Task to complete:
Ignoring every picture, return the lines of the listing below word for word, from the line that holds "1 - Modelarea" through the line that holds "港股异动 | 远大医药(00512)午后涨超7%".

Data for this task:
Segment Open
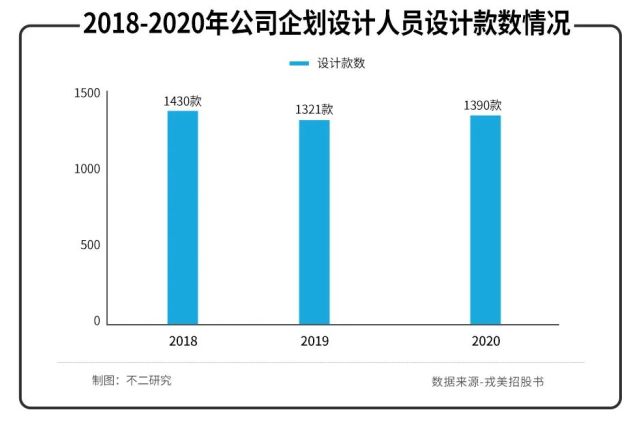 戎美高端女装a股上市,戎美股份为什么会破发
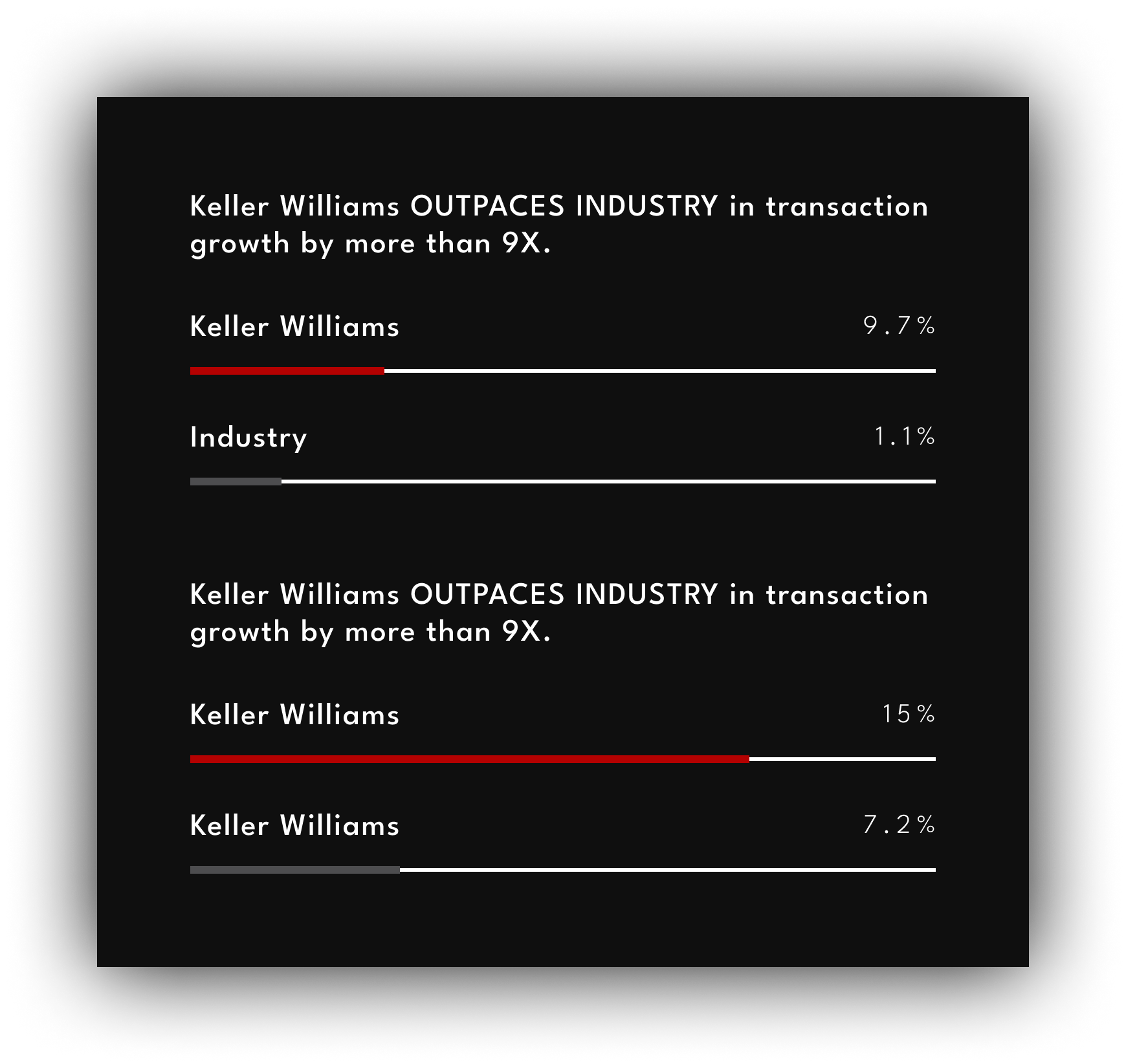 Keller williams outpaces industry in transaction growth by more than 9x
Segment Closed
Segment Open
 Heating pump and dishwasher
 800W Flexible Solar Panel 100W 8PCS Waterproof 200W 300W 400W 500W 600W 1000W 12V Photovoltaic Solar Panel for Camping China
Segment Closed
Segment Open
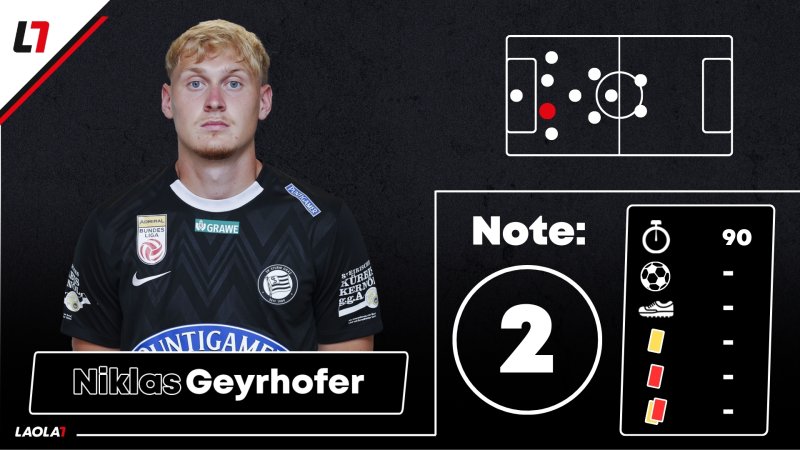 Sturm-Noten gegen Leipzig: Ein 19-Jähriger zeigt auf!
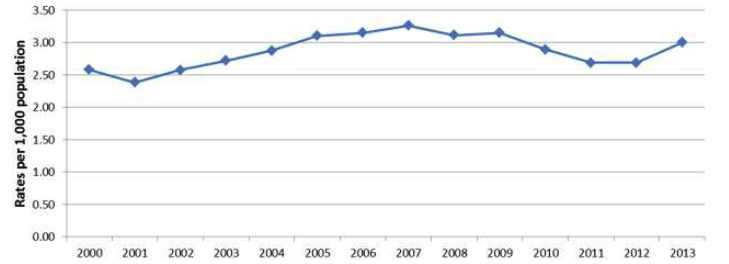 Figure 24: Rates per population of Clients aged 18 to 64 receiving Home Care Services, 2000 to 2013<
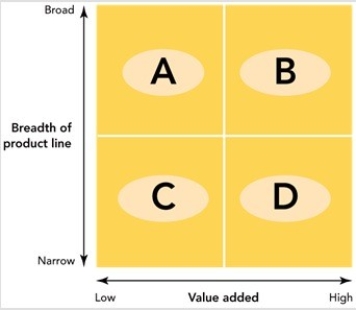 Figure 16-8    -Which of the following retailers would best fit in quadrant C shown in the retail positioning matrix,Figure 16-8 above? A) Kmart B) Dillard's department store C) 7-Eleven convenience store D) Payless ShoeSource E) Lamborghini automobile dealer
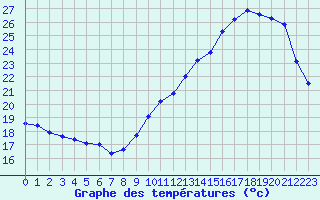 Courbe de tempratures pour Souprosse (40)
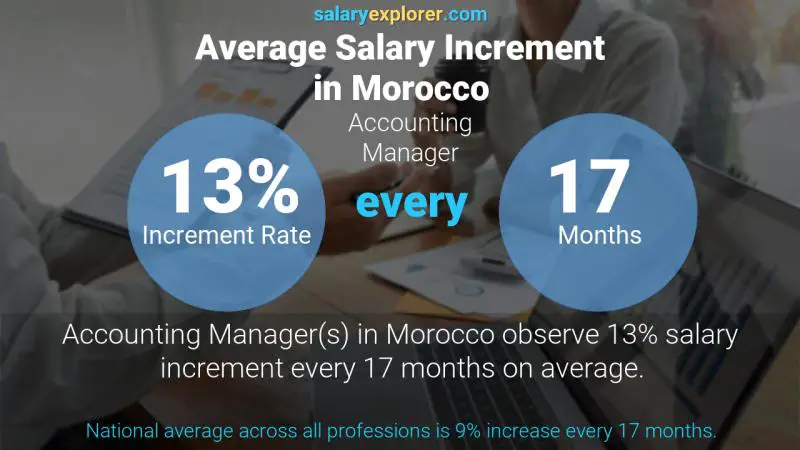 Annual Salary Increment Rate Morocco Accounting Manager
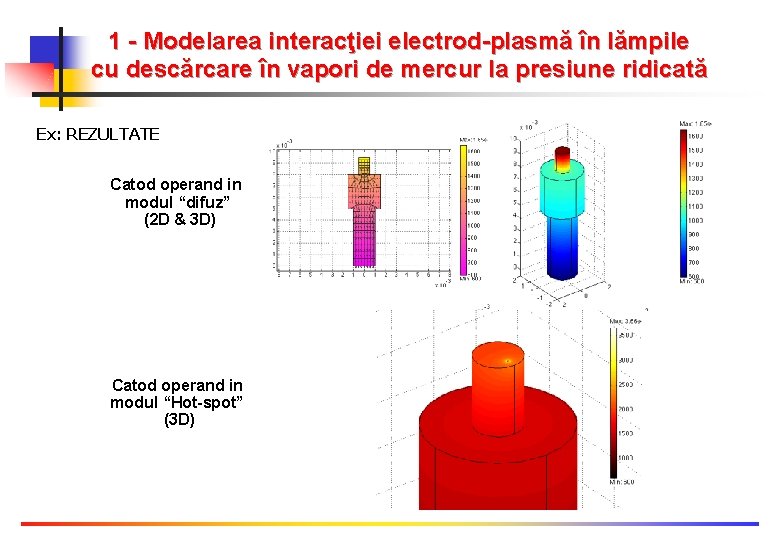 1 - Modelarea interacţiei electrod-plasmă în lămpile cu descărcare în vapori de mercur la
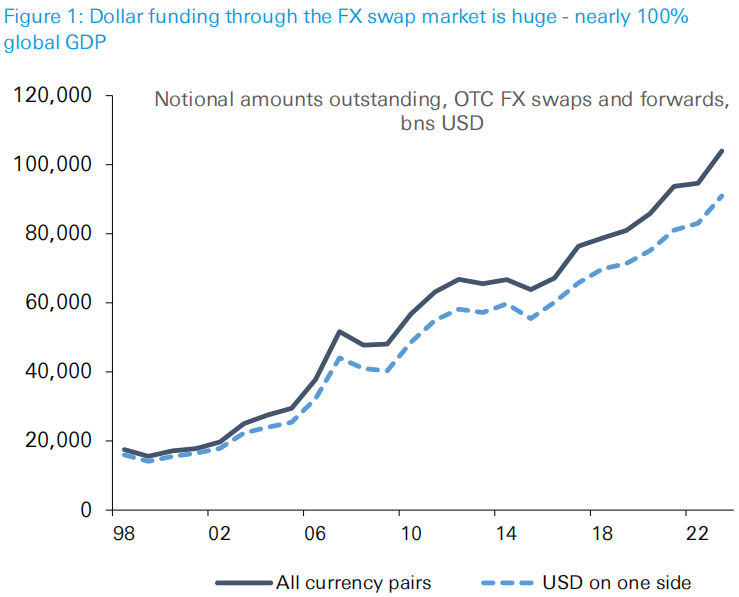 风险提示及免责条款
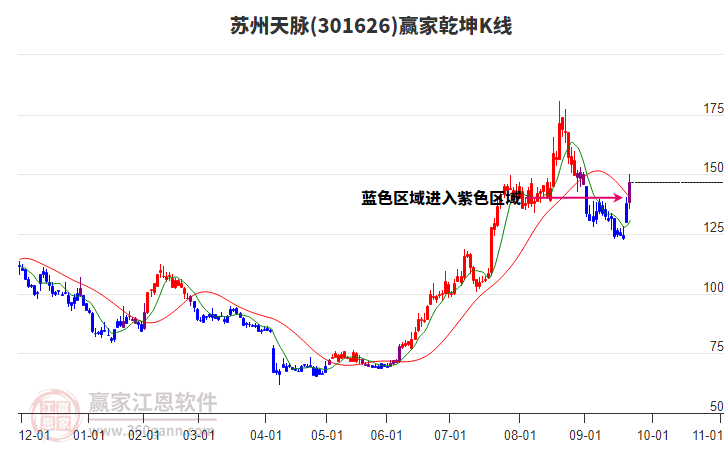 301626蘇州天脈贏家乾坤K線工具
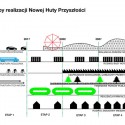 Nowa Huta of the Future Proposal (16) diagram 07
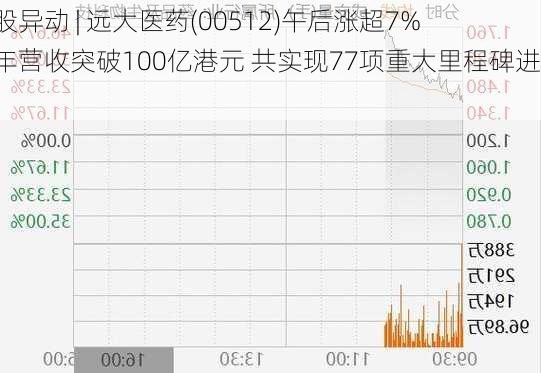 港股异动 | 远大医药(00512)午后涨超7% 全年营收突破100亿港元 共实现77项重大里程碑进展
Segment Closed
Response area:
 1 - Modelarea interacţiei electrod-plasmă în lămpile cu descărcare în vapori de mercur la
 风险提示及免责条款
 301626蘇州天脈贏家乾坤K線工具
 Nowa Huta of the Future Proposal (16) diagram 07
 港股异动 | 远大医药(00512)午后涨超7% 全年营收突破100亿港元 共实现77项重大里程碑进展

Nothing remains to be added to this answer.